Никита Белых, губернатор Кировской области: – Владимир Александрович, когда мы говорим о безработице и о необходимости поддержки граждан, а не предприятий, мне кажется, что мы до сих пор находимся в совершенно другой системе, когда деятельность регионов оценивается как раз по двум показателям: задолженности по заработной плате и численности безработных. При этом основная часть денежных средств, которые выделяются (а напомню, что в бюджете следующего года единственная программа, которая растет по объему, – это программа по снижению напряженности на рынке труда), идет как раз на поддержку предприятий, да? Потому что все эти формы общественных работ на предприятиях по перекрашиванию станков в 8-й раз и благоустройству территорий внутри предприятия, естественно, ни к какому росту эффективности предприятий не ведут и в конечном итоге лишь усиливают их неконкурентоспособность. Вопрос: есть ли какое-то взаимодействие по линии Роструда, Минздравсоцзащиты именно в части смены неких векторов, ориентиров и акцентов в рамках той программы, которая будет в следующем году реализовываться? Как губернатор скажу, что если мы действительно будем все наши силы бросать на то, чтобы у нас показатель по безработице не поднимался, то мы в конечном итоге придем к тому, что вырубим окончательно предприятия с точки зрения конкурентоспособности и окажемся неспособными поддержать граждан.

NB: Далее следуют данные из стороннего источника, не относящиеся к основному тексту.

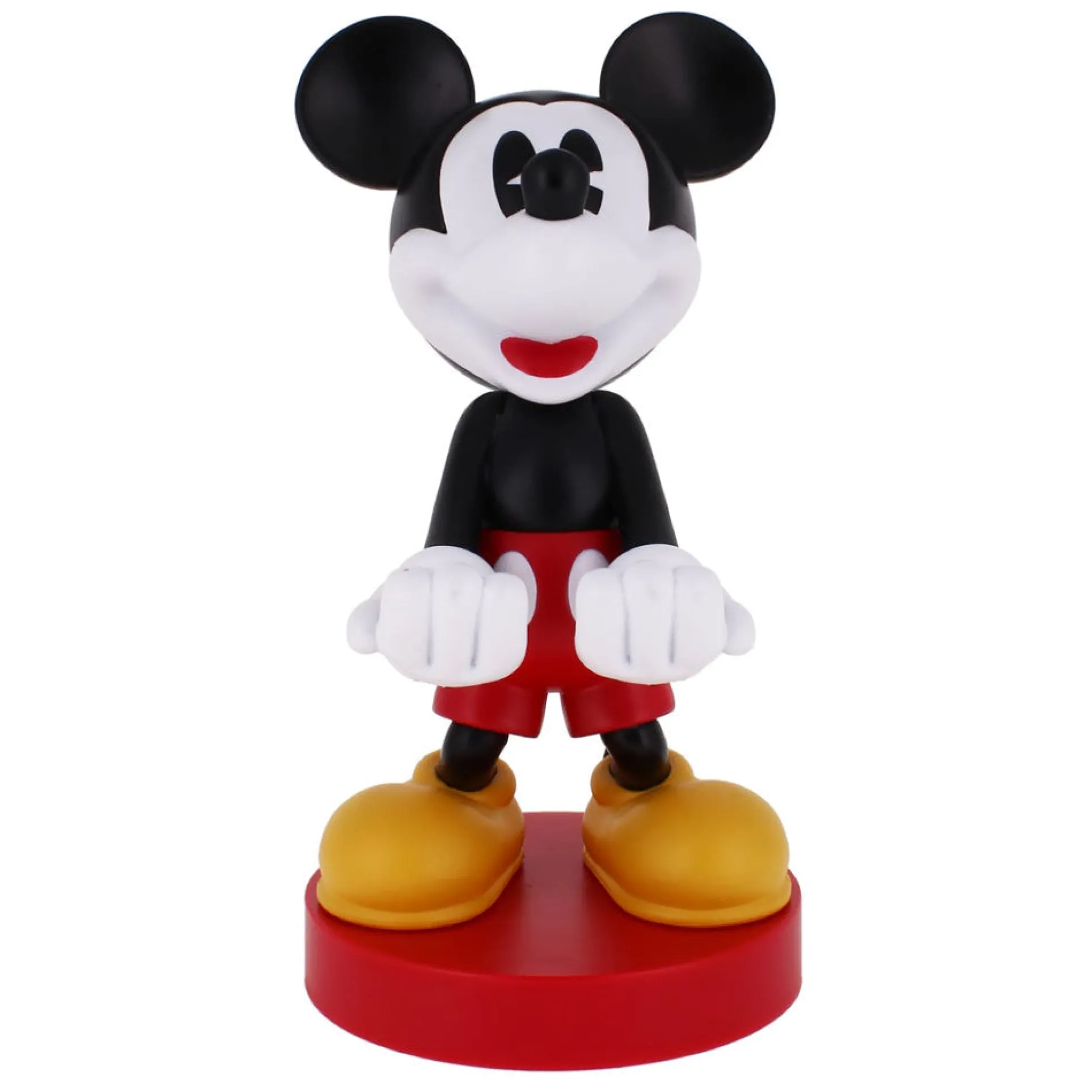 Exquisite Gaming Disney Mickey Mouse Controller & Phone Stand - Officially Licensed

– Это трудно комментировать, потому что я с вами полностью согласен. На экспертном уровне полный консенсус: понятно, что нельзя проводить модернизацию и поддерживать занятость одновременно. Но тут есть забавные аберрации сознания. Месяца три назад президент, встречаясь с полпредами, сказал о том, что он будет лично отслеживать, есть ли задолженности по зарплате, – я это просто по стенографии посмотрел. В новостях же это немедленно было интерпретировано, что президент будет лично отслеживать, как обстоят дела с занятостью, хотя, казалось бы, это абсолютно противоположные вещи: если вы отслеживаете, как дела с зарплатой, следовательно, если не можете платить зарплату, увольняйте и повышайте производительность труда. Но сигналы, даже на этом уровне, проходят диаметрально противоположные – или общество слышит то, что хочет слышать.
Поддержка занятости на предприятиях, а не поддержка людей, которые могут страдать от структурной безработицы, – важный выбор, и было бы ошибкой оценивать предприятия, оценивать регионы по тому, как выполняются эти показатели. И на поверку оказывается, что это только проблема оценки. Как только вводите критерий оценки, тут же выясняется, что активизируется не то, что хотели добиться этим показателем.